**Proposal updated 2016-05-11**, see below for the original RFC
Status
-------
- Please review: //factor storage logic out of Interwiki// <https://gerrit.wikimedia.org/r/#/c/250150/> (I7d7424345)
Next Steps
------------
- split CDB from SQL implementation
- implement array-based InterwikiLookup (loads from multiple JSON or PHP files)
- indexes should be generated on the fly, if not present in the loaded data
- proposed structure: P3044
- that InterwikiLookup implementation should also implement SiteLookup.
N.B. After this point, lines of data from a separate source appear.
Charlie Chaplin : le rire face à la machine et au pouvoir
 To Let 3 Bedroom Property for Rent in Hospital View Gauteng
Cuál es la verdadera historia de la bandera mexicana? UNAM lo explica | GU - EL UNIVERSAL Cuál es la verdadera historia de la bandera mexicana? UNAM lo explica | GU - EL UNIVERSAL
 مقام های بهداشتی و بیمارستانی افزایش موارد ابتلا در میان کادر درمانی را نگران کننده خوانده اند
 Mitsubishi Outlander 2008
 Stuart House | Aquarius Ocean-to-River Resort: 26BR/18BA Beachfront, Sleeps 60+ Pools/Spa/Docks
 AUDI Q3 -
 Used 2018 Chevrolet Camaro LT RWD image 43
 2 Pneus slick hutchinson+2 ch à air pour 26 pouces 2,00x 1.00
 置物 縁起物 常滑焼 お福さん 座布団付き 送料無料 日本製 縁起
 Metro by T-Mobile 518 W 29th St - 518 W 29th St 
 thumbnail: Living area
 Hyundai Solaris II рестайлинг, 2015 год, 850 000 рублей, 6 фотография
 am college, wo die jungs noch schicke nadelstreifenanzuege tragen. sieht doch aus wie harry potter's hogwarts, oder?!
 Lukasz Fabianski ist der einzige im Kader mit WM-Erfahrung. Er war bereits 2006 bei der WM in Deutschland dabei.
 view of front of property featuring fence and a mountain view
Alternatively, only implement SiteLookup, and provide an adapter (SiteLookupInterwikiLookup) that implements InterwikiLookup on top of a SiteLookup.
- implement maintenance script that can convert between different interwiki representations.
- use InterwikiLookup for (multipke) input sources (db/files), InterwikiStore for output
- we want an InterwikiStore that can write the new array structure (as JSON or PHP)
- we want an InterwikiStore that can write the old CDB structure (as CDB or PHP)
- Provide a config variable for specifying which files to read interwiki info from. If not set, use old settings and old interwiki storage.
Questions
-----------
- is this a good plan? (see below for rationale)
- how does interwiki/site info relate to local wiki config (wgConf/SiteMatrix/WikiMap)?
- should all information always be loaded? (see also {T114772})
- do we need caching?
- do we need to support new features also for the SQL based InterwikiLookup?
- needs: interwiki_ids table, interwiki_groups table, and blob field with JSON or an interwiki_props table.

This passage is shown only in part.